(Items from a dataset)
+ + +
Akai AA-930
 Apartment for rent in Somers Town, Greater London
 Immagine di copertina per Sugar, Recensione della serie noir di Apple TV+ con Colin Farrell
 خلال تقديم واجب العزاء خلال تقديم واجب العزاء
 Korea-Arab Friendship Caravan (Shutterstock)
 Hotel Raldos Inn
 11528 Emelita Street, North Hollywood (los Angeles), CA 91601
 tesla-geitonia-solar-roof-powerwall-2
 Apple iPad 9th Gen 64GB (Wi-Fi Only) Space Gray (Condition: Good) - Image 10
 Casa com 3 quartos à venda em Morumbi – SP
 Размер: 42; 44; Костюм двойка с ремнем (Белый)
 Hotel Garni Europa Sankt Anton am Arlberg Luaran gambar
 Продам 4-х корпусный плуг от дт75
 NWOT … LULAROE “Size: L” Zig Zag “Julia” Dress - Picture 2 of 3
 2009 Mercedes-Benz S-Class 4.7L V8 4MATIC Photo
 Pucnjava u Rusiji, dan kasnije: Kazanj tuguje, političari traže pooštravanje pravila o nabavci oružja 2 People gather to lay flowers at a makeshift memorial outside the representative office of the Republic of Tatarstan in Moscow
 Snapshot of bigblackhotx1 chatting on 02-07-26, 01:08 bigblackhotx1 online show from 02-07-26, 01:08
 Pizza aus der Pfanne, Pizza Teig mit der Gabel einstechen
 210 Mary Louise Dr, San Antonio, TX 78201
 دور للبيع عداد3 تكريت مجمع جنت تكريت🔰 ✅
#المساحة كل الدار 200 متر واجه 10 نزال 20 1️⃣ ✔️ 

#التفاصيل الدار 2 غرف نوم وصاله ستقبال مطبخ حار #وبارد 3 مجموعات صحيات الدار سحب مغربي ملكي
+ + +
What you will do ::
Could you set down, word for word, only the lines above from the line with "Hotel Raldos Inn" to the line with "Hotel Garni Europa", including both?

Problem solution ::
 Hotel Raldos Inn
 11528 Emelita Street, North Hollywood (los Angeles), CA 91601
 tesla-geitonia-solar-roof-powerwall-2
 Apple iPad 9th Gen 64GB (Wi-Fi Only) Space Gray (Condition: Good) - Image 10
 Casa com 3 quartos à venda em Morumbi – SP
 Размер: 42; 44; Костюм двойка с ремнем (Белый)
 Hotel Garni Europa Sankt Anton am Arlberg Luaran gambar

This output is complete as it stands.